▶ Task brief
Begin at the line below that has "Strawberry Bubble Drink from Thang II". Stop after the line that has "TT96CB unisex zone", repeating each line exactly and leaving out the pictures.

▶ Records shown
---------------
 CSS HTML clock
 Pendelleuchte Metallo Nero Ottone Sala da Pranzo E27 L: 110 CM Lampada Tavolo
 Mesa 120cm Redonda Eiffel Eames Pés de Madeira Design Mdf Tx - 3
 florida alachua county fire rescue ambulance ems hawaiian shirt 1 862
---------------
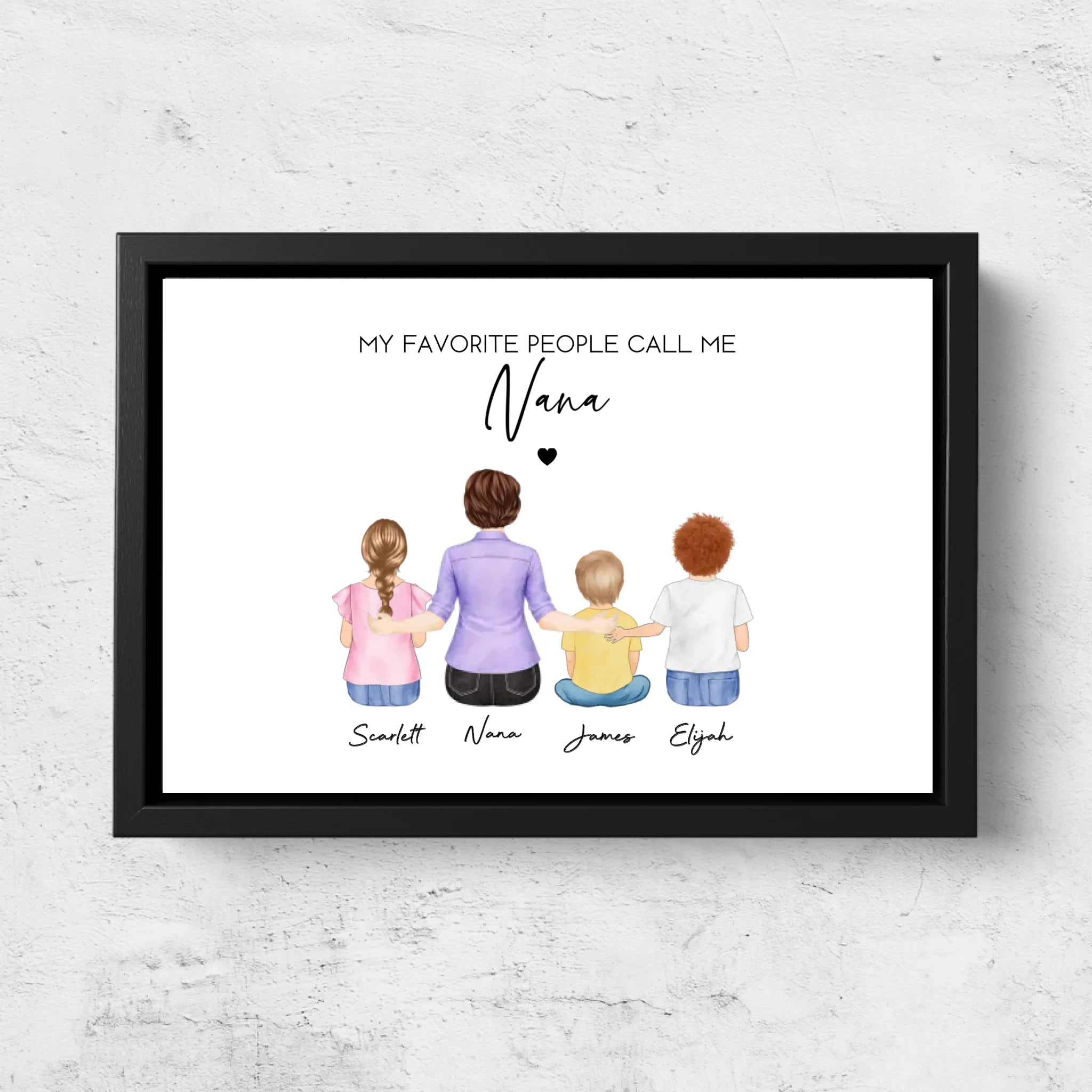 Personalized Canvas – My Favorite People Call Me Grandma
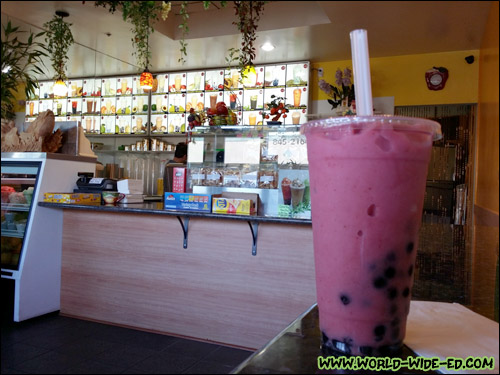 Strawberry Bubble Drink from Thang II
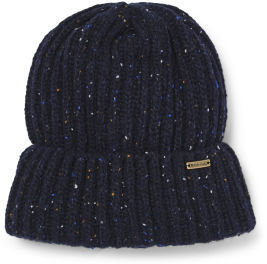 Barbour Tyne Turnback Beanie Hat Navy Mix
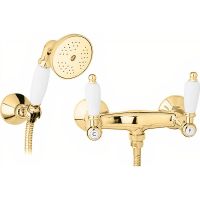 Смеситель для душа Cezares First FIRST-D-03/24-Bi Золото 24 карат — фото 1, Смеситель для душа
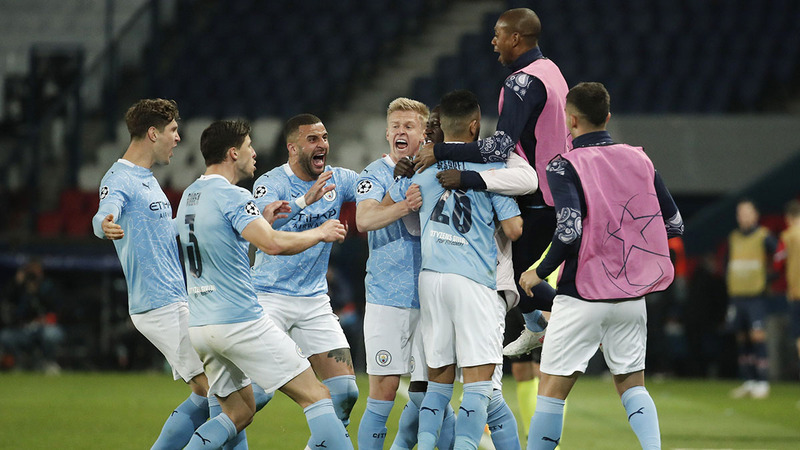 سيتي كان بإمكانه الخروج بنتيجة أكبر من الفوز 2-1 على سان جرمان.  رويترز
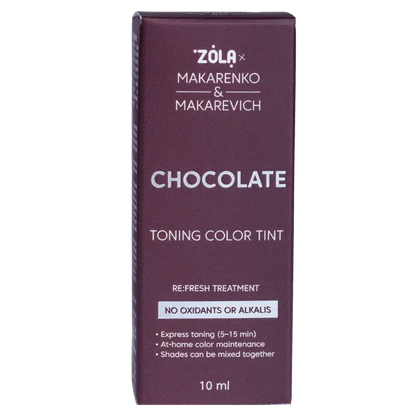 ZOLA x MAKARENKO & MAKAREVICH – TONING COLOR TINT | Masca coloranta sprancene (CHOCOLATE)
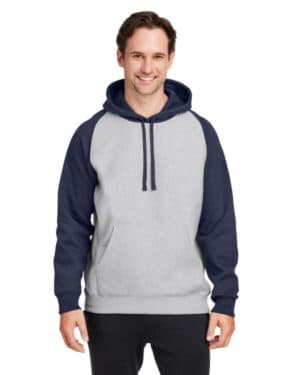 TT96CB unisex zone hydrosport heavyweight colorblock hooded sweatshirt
---------------
▶ Expected answer
 Strawberry Bubble Drink from Thang II
 Barbour Tyne Turnback Beanie Hat Navy Mix
 Смеситель для душа Cezares First FIRST-D-03/24-Bi Золото 24 карат — фото 1, Смеситель для душа
 سيتي كان بإمكانه الخروج بنتيجة أكبر من الفوز 2-1 على سان جرمان.  رويترز
 ZOLA x MAKARENKO & MAKAREVICH – TONING COLOR TINT | Masca coloranta sprancene (CHOCOLATE)
 TT96CB unisex zone hydrosport heavyweight colorblock hooded sweatshirt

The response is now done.